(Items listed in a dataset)

#####

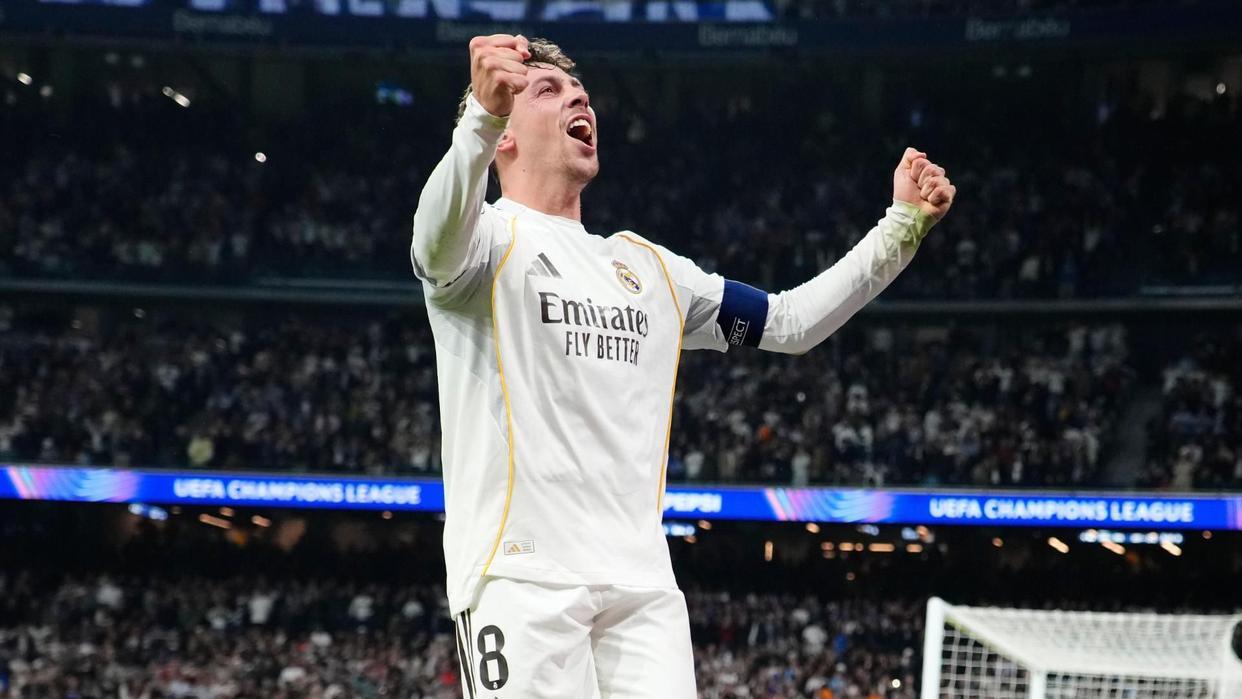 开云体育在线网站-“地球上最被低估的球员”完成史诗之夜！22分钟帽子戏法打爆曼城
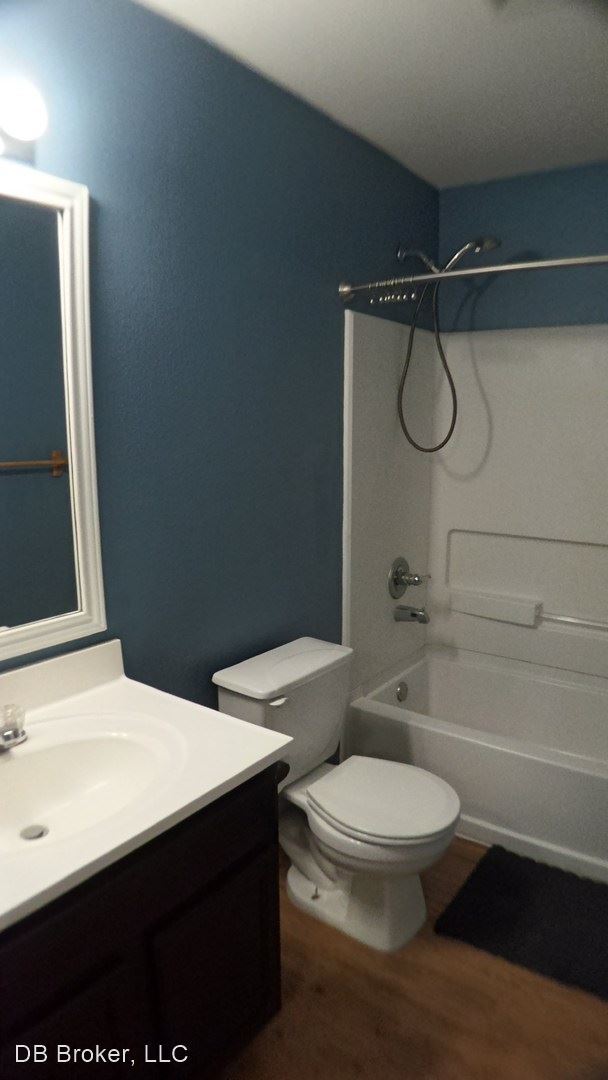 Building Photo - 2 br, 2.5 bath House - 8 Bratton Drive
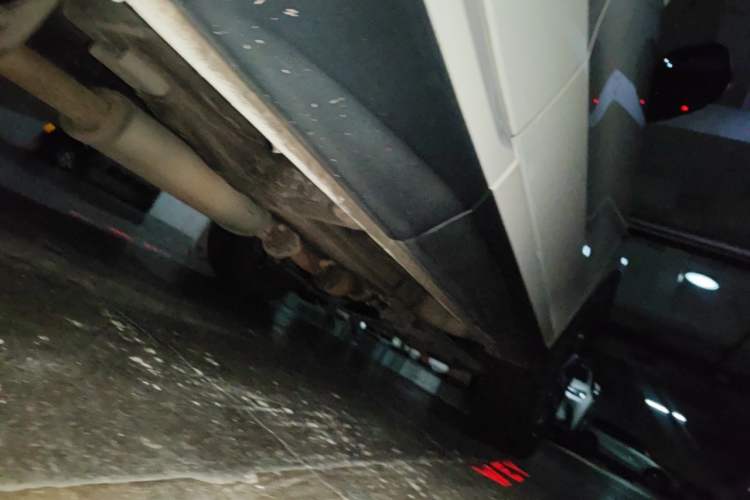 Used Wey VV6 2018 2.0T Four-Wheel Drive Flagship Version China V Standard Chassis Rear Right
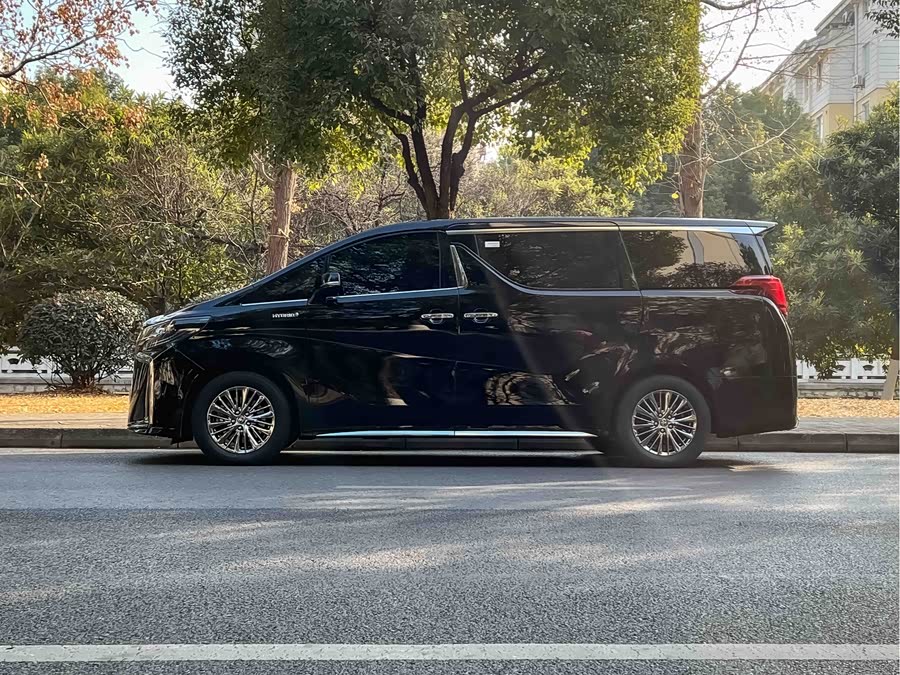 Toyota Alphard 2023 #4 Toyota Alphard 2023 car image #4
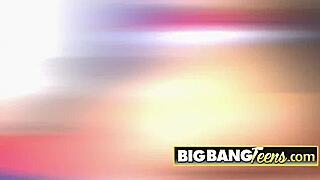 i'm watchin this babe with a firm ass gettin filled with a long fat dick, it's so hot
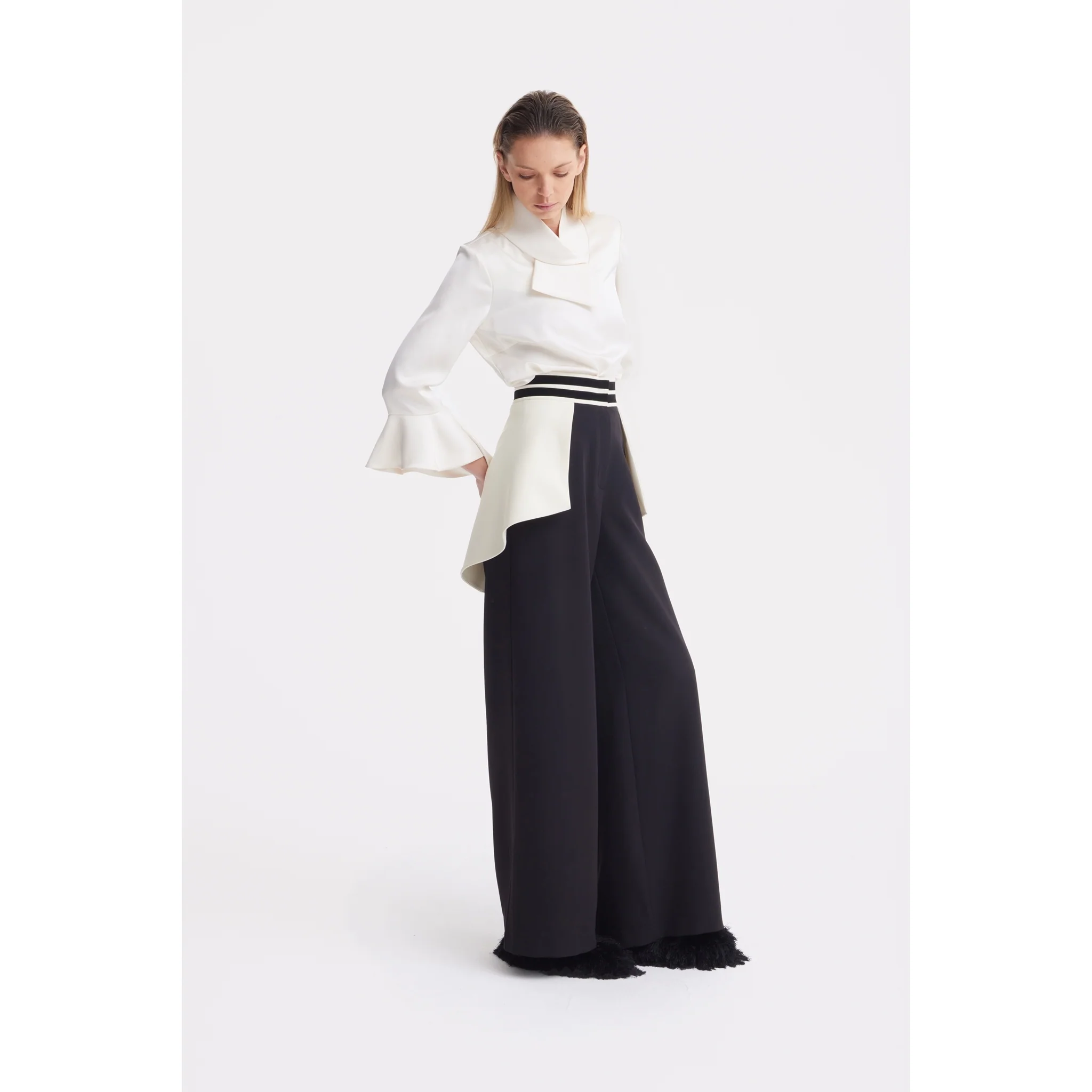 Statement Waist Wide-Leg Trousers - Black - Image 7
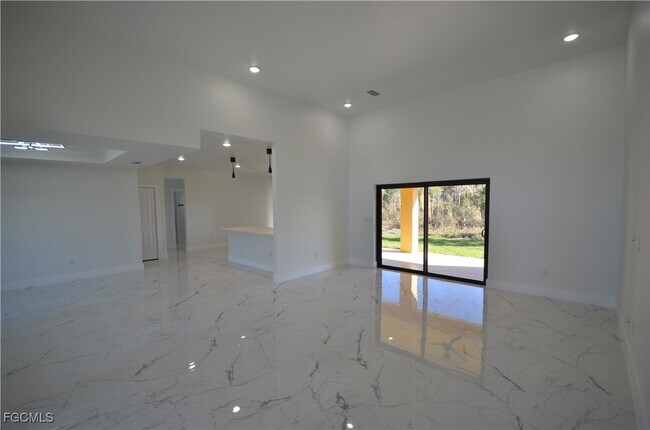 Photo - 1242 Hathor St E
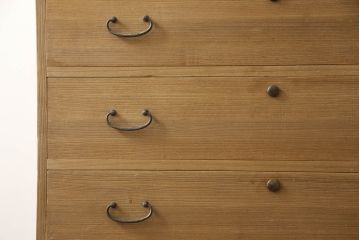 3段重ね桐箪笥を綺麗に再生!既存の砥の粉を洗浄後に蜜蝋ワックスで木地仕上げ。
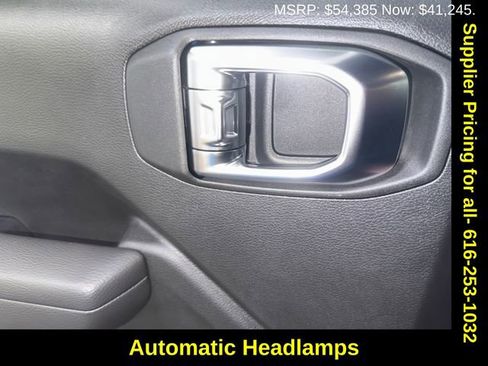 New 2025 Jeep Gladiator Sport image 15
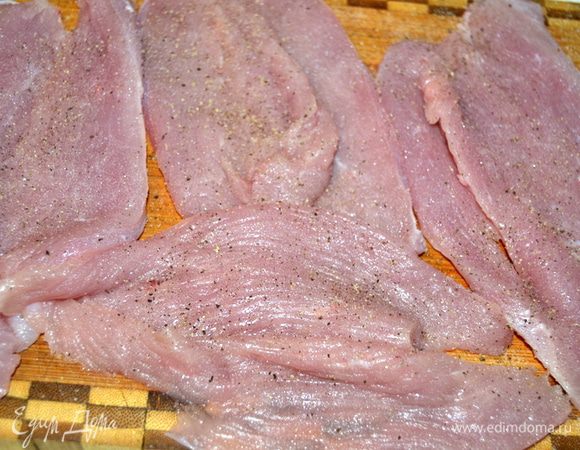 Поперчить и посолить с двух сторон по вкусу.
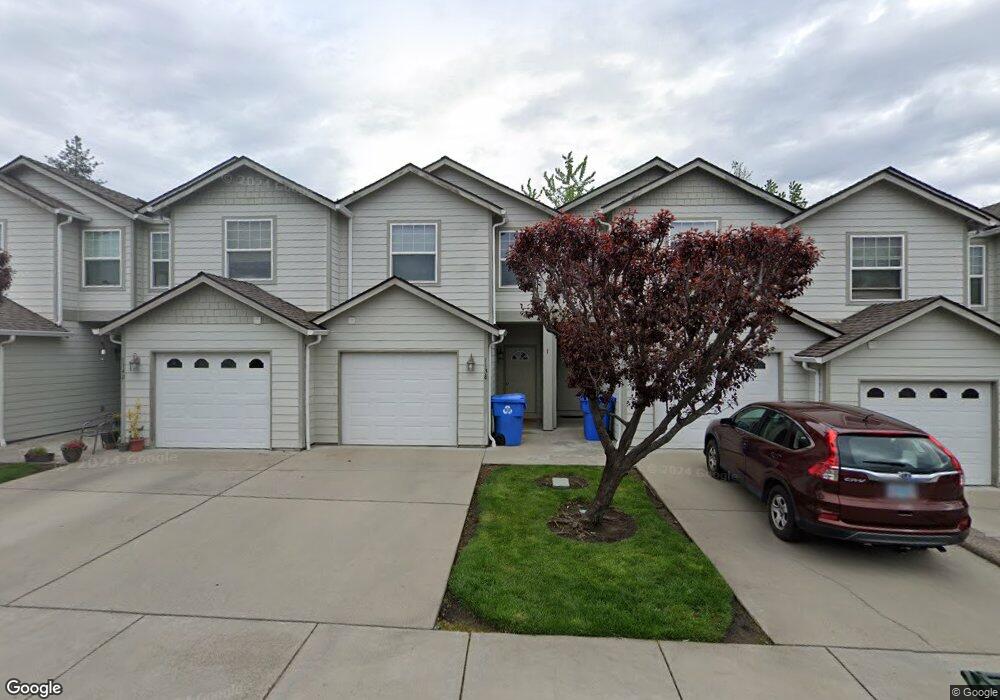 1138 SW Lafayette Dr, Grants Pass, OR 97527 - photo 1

#####

#### Instructions for the task
Take the line containing "Photo - 1242 Hathor St E" as the first and the last line of the records as the end. Print every line in that span exactly, leaving out pictures.

#### Problem solution
 Photo - 1242 Hathor St E
 3段重ね桐箪笥を綺麗に再生!既存の砥の粉を洗浄後に蜜蝋ワックスで木地仕上げ。
 New 2025 Jeep Gladiator Sport image 15
 Поперчить и посолить с двух сторон по вкусу.
 1138 SW Lafayette Dr, Grants Pass, OR 97527 - photo 1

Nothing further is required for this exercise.